Rückblick auf unsere letzte Mietwagenrundreise

Ein Kuba Reisebericht

Mit dem Mietfahrzeug kreuz und quer durch Kuba - ein lebendes Museum in der Karibik.
Gut gelaunt aber ziemlich müde hatten wir die Hauptstadt La Habana in der Nacht erreicht. Früh am nächsten Morgen hiess aus den Federn, ein reichhaltiges Frühstück und unser Mietwagen warteten auf uns. Wir alle waren gespannt, was uns alles in diesem Land erwarten würde.
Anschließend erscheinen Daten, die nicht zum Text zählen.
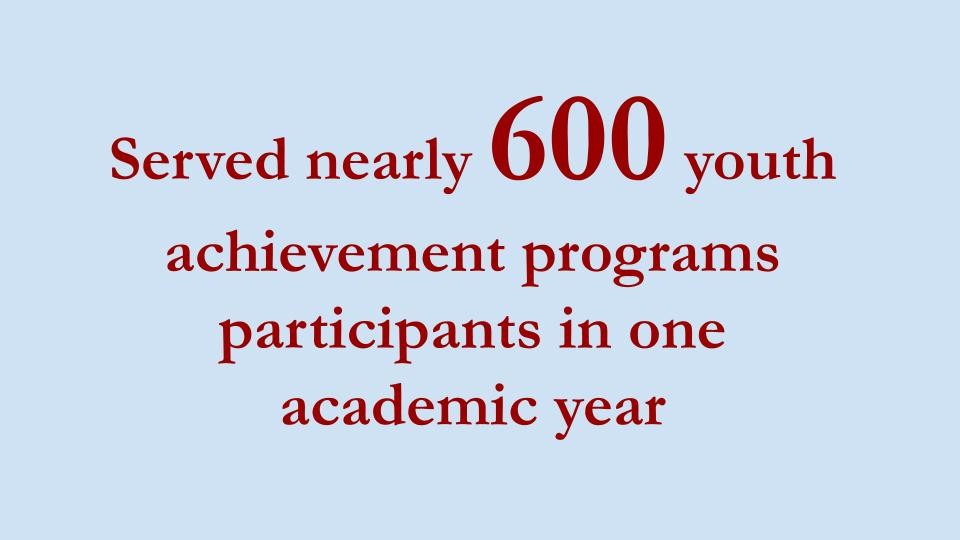 Served nearly 600 youth achievement programs participants in one academic year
Kaum hatten wir das Hotel verlassen, fühlten wir uns 50-60 Jahre zurückversetzt…alte Autos, marode Gebäude überall, Pferdekutschen, Velotaxis wie in Asien…ich kann diesen Moment nur so beschreiben….La Habana ist ein lebendes Museum ! Es war und ist irgendwie immer noch kaum fassbar, was wir zu sehen bekamen…eine total andere Welt tat sich vor uns auf. Dies sollte sich während der ganzen Tour nicht änder, die Eindrücke stürzten auf uns alle ein wie ein nimmer versiegender Wasserfall. Nicht zu vergessen diese offenen und liebenswerten Menschen, die absoluten Weltmeister im improvisieren!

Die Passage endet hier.